É o amanhecer que a tudo renova, que a todos empolga, que nos faz recomeçar...

Assim são os alados; assim somos nós...



Amanhecer
(Paulo Boblitz - nov/2005)


A luz caminhava lenta entre as árvores, na medida em que o Sol se erguia devagar. A sombra cedia lugar ao claro, produzindo mais sombras, delineando contornos, estabelecendo formas, apresentando a vida.

Ao longe, os coqueiros mais altos ainda reclamavam aos céus, estendendo suas palmas como dentes-de-leão, esqueletos alongados contra a luz difusa que ao longe aparecia.

Bem perto de mim, a vida a conviver com a morte, o verde contra a raiz seca retorcida, uma amparando a outra, disputando o mesmo dia.

Acima, as nuvens revoltas, matizes do branco ao cinza, em rolamentos suaves caminhando, cerca vaporosa de Deus, separando a Terra do Céu.

Me virei, e a cascata que caía em rugido bom, lançava gotas que teimosas não queriam seguir em frente, formando um arco-íris das cores simples, detalhe do Grande Artista Criador.

O mar desencantava-se calmo por entre as rochas, enquanto a maré não vinha, deixando o verde das algas sobrepor-se ao branco das espumas. O Sol agora já brilhava mais, já tornava cega ou redonda, cada aresta do granito, em eterno confronto com a água que incansável lhes batia.

Andei um pouco, adentrei na mata que foi fechando, senti o perfume do orvalho, do seco que já foi verde, da terra úmida, as folhas caídas abrindo caminho para meus pés, a bruma fria a subir procurando calor, resfriando a fronte, a folha seca a cair, roçando a face.

Segui o caminho em aléia, que algum dia a Natureza plantou, esperando pelo meu amor, pela minha vista alegre, para em versos poder compor, a beleza da Terra só...

O passarinho no galho ainda acordava, sem medo e calmo me observava, esperava pela vida se movimentar, começar a trabalhar, caçar para viver, depois arrumar um par e procriar, passar a vida em frente, deixá-la se criar...

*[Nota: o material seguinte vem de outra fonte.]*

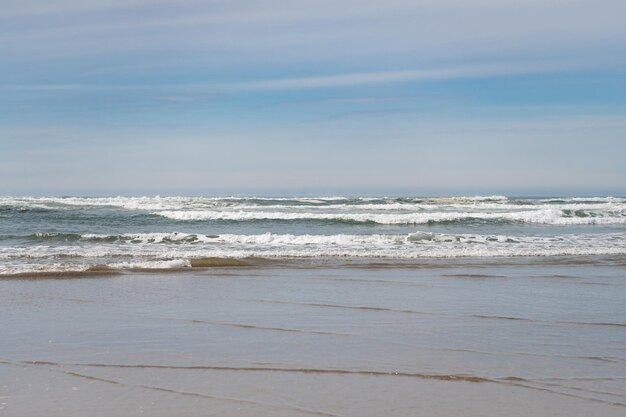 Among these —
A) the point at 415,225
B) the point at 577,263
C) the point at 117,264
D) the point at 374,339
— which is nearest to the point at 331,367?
the point at 374,339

O frondoso caminho agora mergulhava na água, represada suave a encher o que algum dia já foi vazio, espelhada parada sem a brisa, mostrando margens para cima e de cabeças para baixo. No meio em destaque, duas rochas solitárias a conversar, a falar eternamente qual assunto? Não importa, pois o necessário é a companhia, que mesmo mudas, uma faz para a outra...

Abaixei-me e na água de leve toquei, com um dedo apenas encostando, produzindo nela um arrepio, doce onda circular em movimento, correndo em frente até em algo esbarrar, passar seu sentimento e informar...

Sorri para o singelo, a água também vivia, me dava de leve também resposta, baixando a temperatura da pele a tocar, resfriando o ar a entrar em minhas narinas, produzindo vapores em nuvens.

Três toscas árvores serviam, de ponte unindo vias, um guarda-corpo a amparar, quem por ali passar, tornando seguro o caminhar, sem medo do cair, juntando opostos que são lados, formando um caminho só.

Por baixo, pequeno regato a cantarolar, alegre correndo sem parar, sem saber que já encheu mais adiante o lago, firme trabalhador que não cansa, transporta vida morta lá de cima para cá, alimentando vida que aqui embaixo vive. Precisa se organizar, pois vemos galhos antigos nele presos, quem sabe de algumas vezes em que irritado, carregou tudo com muita vontade...

Acima a Lua que ainda não foi dormir, pois a noite já passou e ela continua, teimosa redonda e cheia, querendo brilhar, fazer frente ao outro vigia, agora do dia, nosso querido Sol. Quem sabe é prosa para pôr em dia, dos dois que não se vêem, pois quando um trabalha, a outra está a dormir...

É o amanhecer, que a cada dia se renova, não enjoa; a cada nota solta o som, suave e belo a toar, cada vida a tocar e acordar, ou fazer adormecer... É o amanhecer, prelúdio de um novo futuro a acontecer, mistérios que tornam a vida, linda de se viver...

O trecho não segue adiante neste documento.